The circumstances described by Shuttlewood make it evident that the quotations of the Aenstrians are not word-for-word accurate. In the following passage quoting Selorik, the first statement seems tangential in context with the others.
“We have made your earth town our base. You must tell your people not to be alarmed. We are not here to hurt them. They must learn to know us. And you, dear Shuttlewood, no matter where you go or seek to hide from us, we shall be also. We have important work to do and you must not try to escape your responsibility either. You may be certain we shall meet many times.”
Shuttlewood wrote in The Warminster Mystery “I leave it to the judgment of readers to decide whether the substance of these messages rings a responsive bell in human hearts and minds” and that “until the Thing crews confront me in the flesh, I shall not alter my strong-minded view that those odd calls were nothing more than leg-pulling by someone with a distorted sense of humour!” This perspective would change as chronicled in his following book Warnings From Flying Friends (1968) with further contacts by the Aenstrians. Shuttlewood’s sensibilities altered from those of a skeptical journalist to those of a chronicler of evolutionary events that he realized could bring others an expanded awareness of life. He entitled his third book UFOs — Key to the New Age, published in 1971.
There is a You Tube documentary video available for viewing entitled “Interesting Old Video — The Warminster Thing . . .” As I began watching it, there were inserts of newspaper clippings and one featured the quote “This Thing Is Not Treated Seriously” with the by-line noticeable: “By Peter Hiscocks.” Also shown is that an early article in The Warminster Journal was entitled “Bell Hill Mystery.” Unfortunately, the documentary narration soon turned blatantly glib and mocking. A brief clip of Arthur Shuttlewood was intercut with a momentary insert of him gesticulating while describing something. This technique was obviously intended to create a chaotic impression in relation to Shuttlewood among unanalytical viewers. I soon stopped watching the video. One can find more considerate and detailed information in the books by Arthur Shuttlewood chronicling the astonishing local events. Seven titles are presently available from booksellers yet two are American editions with alternate titles.
Considering Earth’s current environmental and social challenges resulting from our world’s present economic systems, the human race remains very much in need of the warnings from Queen Traellison. Her commentary quoted by Shuttlewood included, “. . . the eyes and minds of many are clouded by misapprehension and lack of true understanding as to the prime purpose in life. We are all children and living parts of the great Creator, the Living Force who controls every single particle of the universe, human or inanimate.” Shuttlewood’s description of Queen Traellison having a “strangely sweet, sing-song voice” correlates with Truman Bethurum’s reports of “the lady space captain Aura Rhanes” and her “sweet, high-pitched voice” in Aboard a Flying Saucer (1954). Bethurum also reported that his trips aboard a flying saucer left pocket watches in a “useless condition.” The Foreword of Bethurum’s book The Voice of the Planet Clarion (circa 1957) divulged:
Captain Aura told him to write down the visits and what was said, in the manner in which she spoke. Upon his return home, after the second visit, he took his pen and started to concentrate. To his surprise, the words flowed from the pen, as if Aura, herself, had hold of it. The following pages are the result.

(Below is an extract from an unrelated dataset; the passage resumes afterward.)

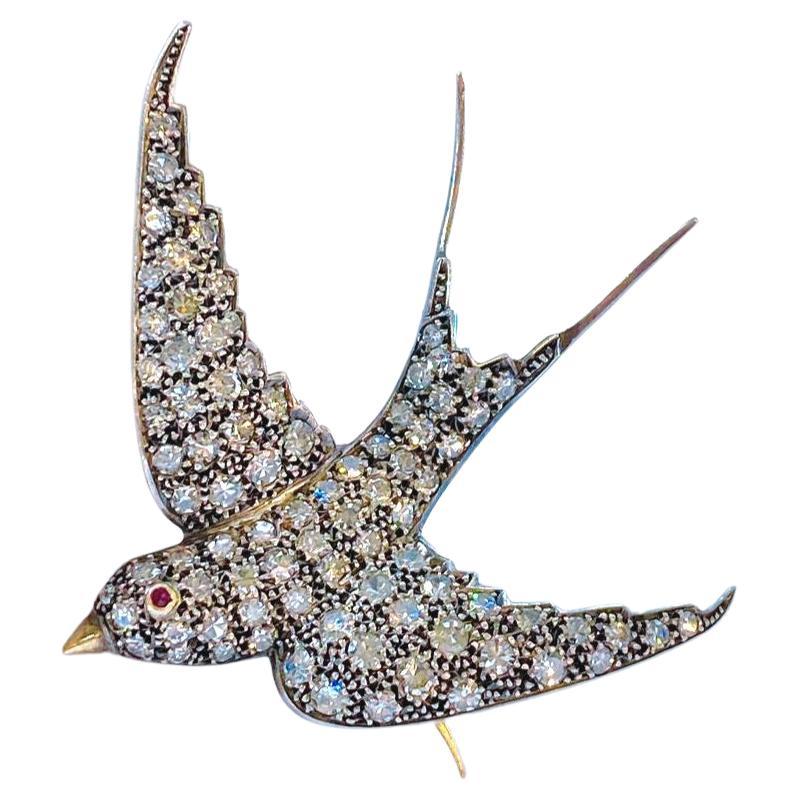 Antique victorian large swallow bird brooch with an estimate old mine cut diamond weight of 3 carats H colour white excellent cut and spark decorted with rubies eyes brooch messures 4.5cm×4.5cm hall marked with 3 victorian marks dates back to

Here are some stanzas from The Voice of the Planet Clarion that offer examples of Captain Aura’s sentiments. She seemingly could be cousins with Queen Traellison.
“You asked of our great problem. It was to control magnetical force. You know that we have solved it, Both pro and anti, of course!” “Your deserts and plains could be transformed overnight, To a place, that from heaven, would look plenty bright! The money you spend every year for a War, Would bring water in, if need be, from afar.” Then her sweet voice rang out, “You know, here we are!” I recognized it as Aura Rhanes, My friend from another planet or star.